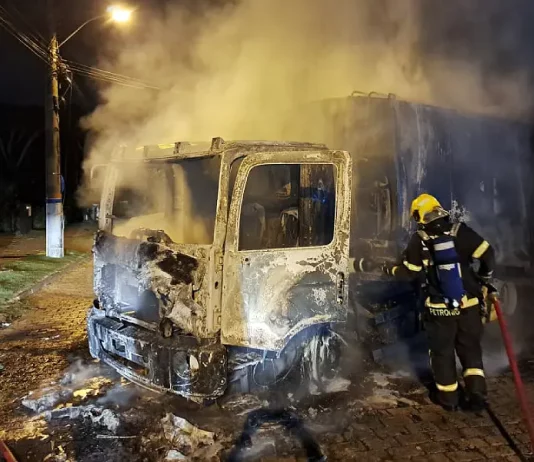 Bandidos queimam caminhão de lixo em Jurerê
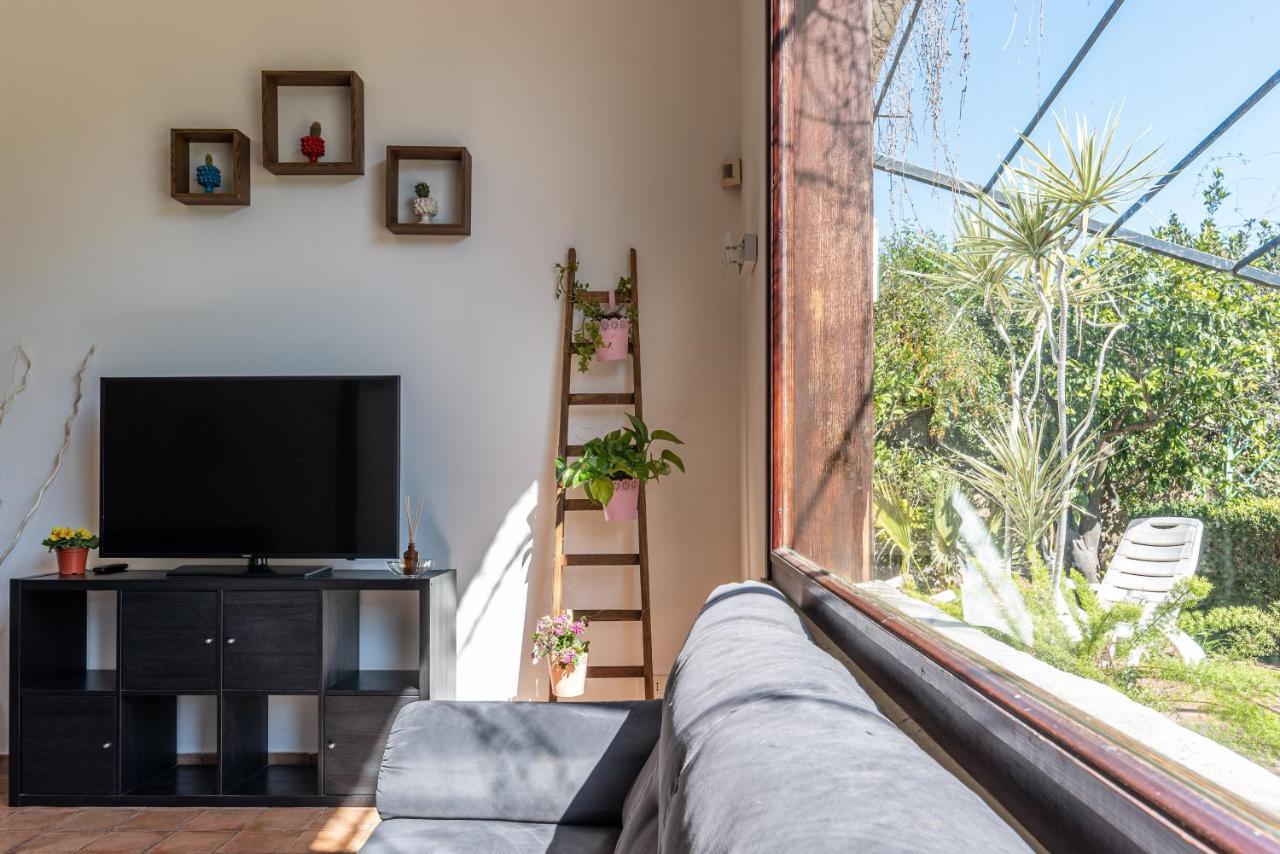 Bouganville Home Мондело Екстериор снимка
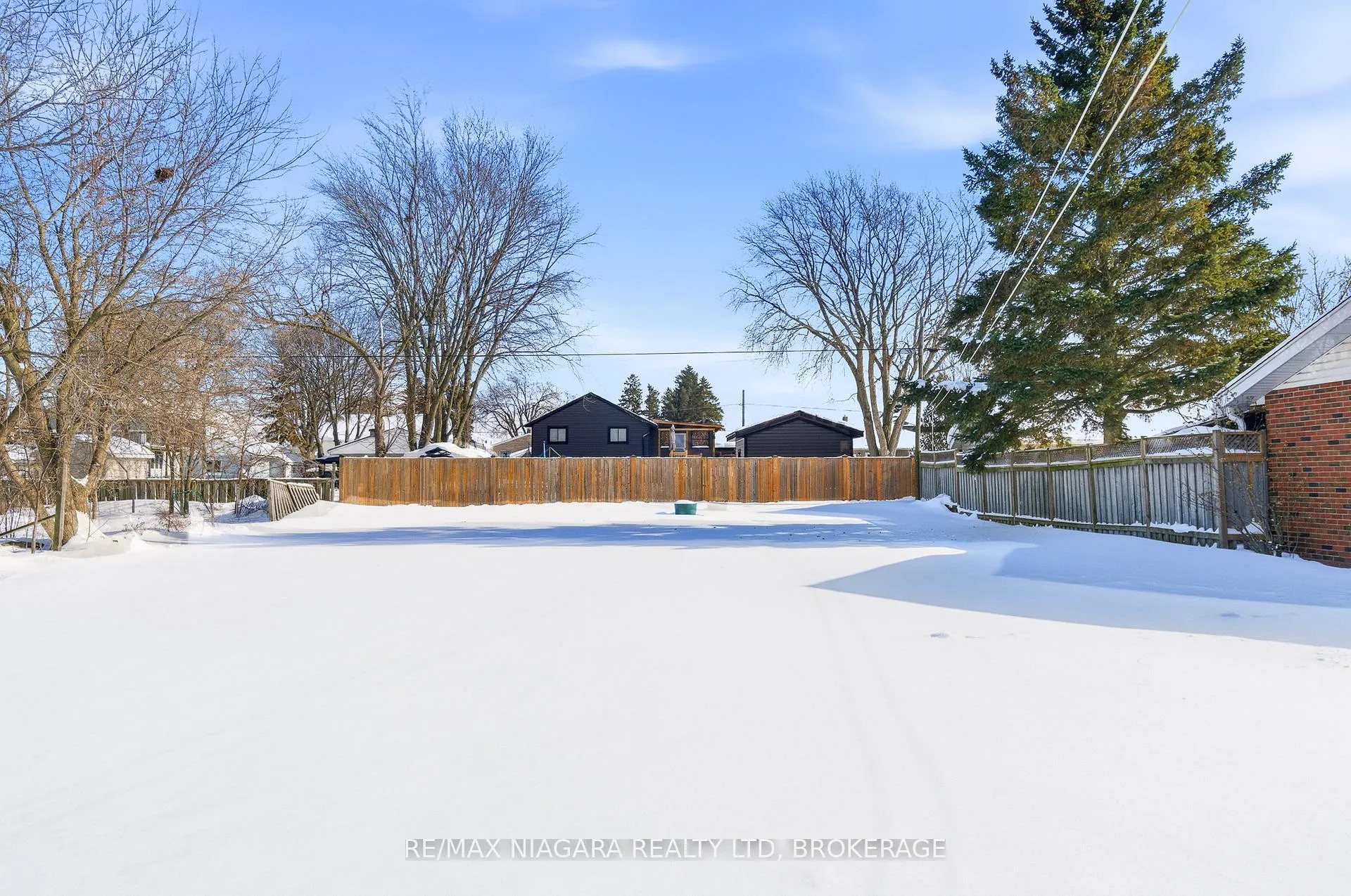 Photo 6 of 4584 Baldwin Avenue, Niagara Falls, Ascot — HOMEH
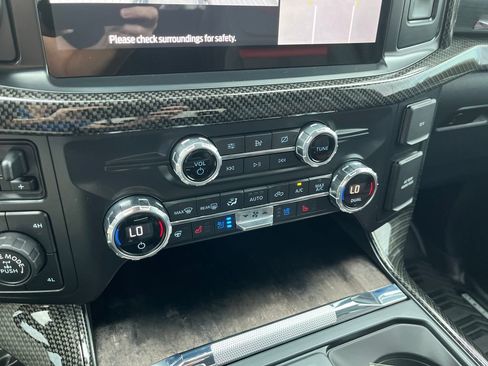 Used 2021 Ford F150 Lariat w/ Equipment Group 502A High AWD/4WD image 21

- [PROMPT] Leave every picture out and set down exactly the lines running from the one with "Photo 6 of 4584" to the last line of the material above.

- [EXPECTED ANSWER]
 Photo 6 of 4584 Baldwin Avenue, Niagara Falls, Ascot — HOMEH
 Used 2021 Ford F150 Lariat w/ Equipment Group 502A High AWD/4WD image 21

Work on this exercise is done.